Bickering Somali leaders have once again disagreed on already delayed elections in the Horn of Africa country, paving the way for another political crisis as the international community calls for dialogue to speed up the electoral process.
Somali President Mohamed Abdullahi Mohamed, popularly known as Farmajo, and his Prime Minister, Mohamed Hussein Roble, have argued again over the process, which is already behind schedule.
The head of state blamed the prime minister for failing to uphold a mandate to lead the country through elections, based on what has come to be known as the September 17th agreement of 2020. The agreement would allow 101 delegates to select members of parliament, who would choose the next head of the state.
In response, the prime minister rejected the call and maintained his commitment to lead a free and fair election process.

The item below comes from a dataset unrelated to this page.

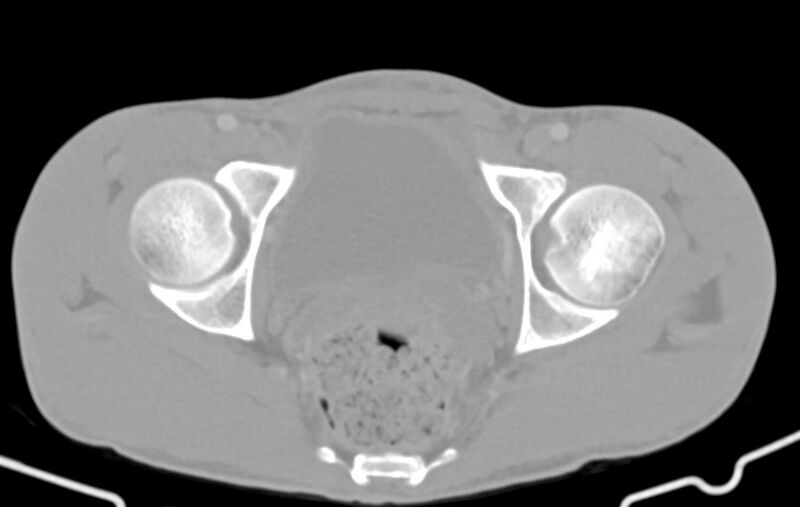 File:Blunt injury to the small bowel (Radiopaedia 74953-85987 Axial Wide 91).jpg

Roble added that Farmajo’s criticism is aimed at disrupting the ongoing process.
The members of the opposition were quick to throw their weight behind the prime minister, who was tasked with conducting the elections following a political agreement on governing the process back in May.
Former President Hassan Sheikh Mohamud, who is among key candidates challenging the incumbent, reiterated the significance of expediting the electoral process to avoid setbacks.

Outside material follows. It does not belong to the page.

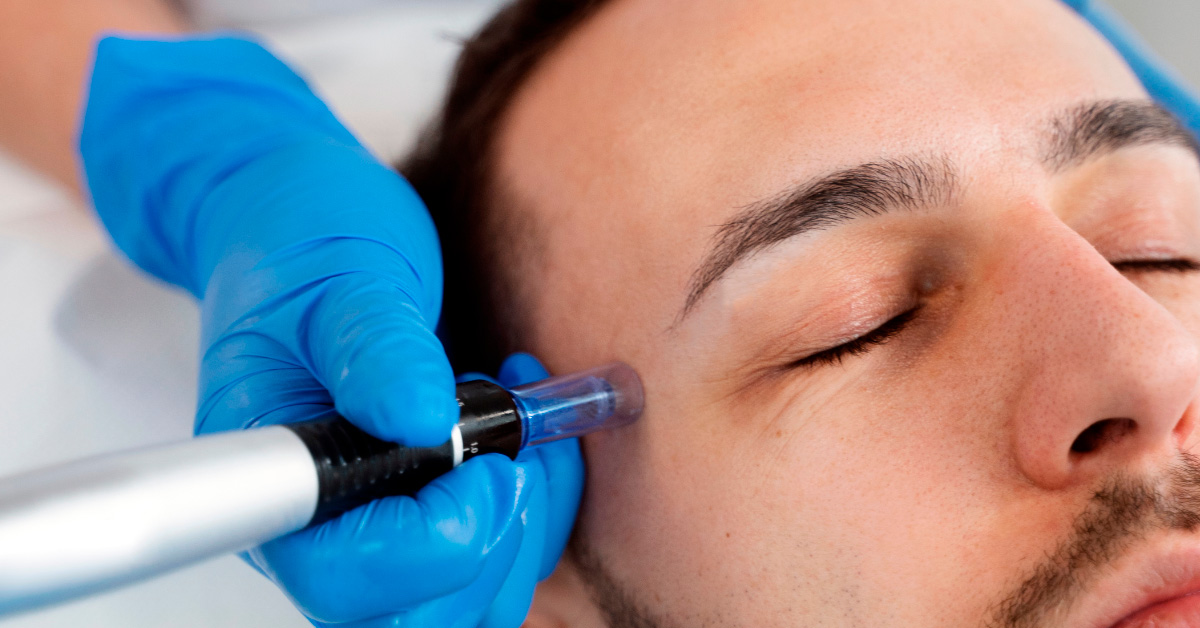 Microneedling hombre en Madrid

He said, "We don’t have other options than that of the prime minister in convening the national consultative forum to discuss the challenges on the disagreed poll process, which we have been stressing from Day One.”

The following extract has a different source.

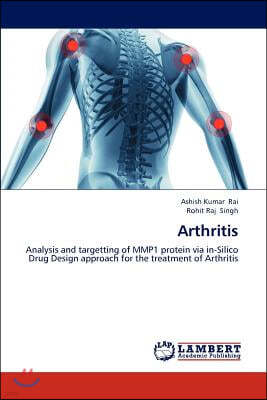 Arthritis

Somali security agencies backed by African Union peacekeepers have beefed up security during the electoral process but experts warn that the continued spat involving the country’s leadership is concerning.
Dahir Korow is a political analyst who believes there is a need for quick steps forward.
“The Somali citizens are losing confidence in their leadership over continued election wrangles; the international community is also frustrated with lack of commitment by the leaders, on the other hand, the threats by al Shabab are growing; therefore, there is need for compromise to conduct credible polls,” said Korow.
By al-Shabab, he was referring to the militant group. For years, it has fought the central government in a bid to seize power and impose a strict version of Islamic law known as Sharia.
This latest political crisis linked to elections comes as hundreds of Somalis affected by severe drought wait for humanitarian assistance. Drought and famine in Somalia have been attributed to climate change.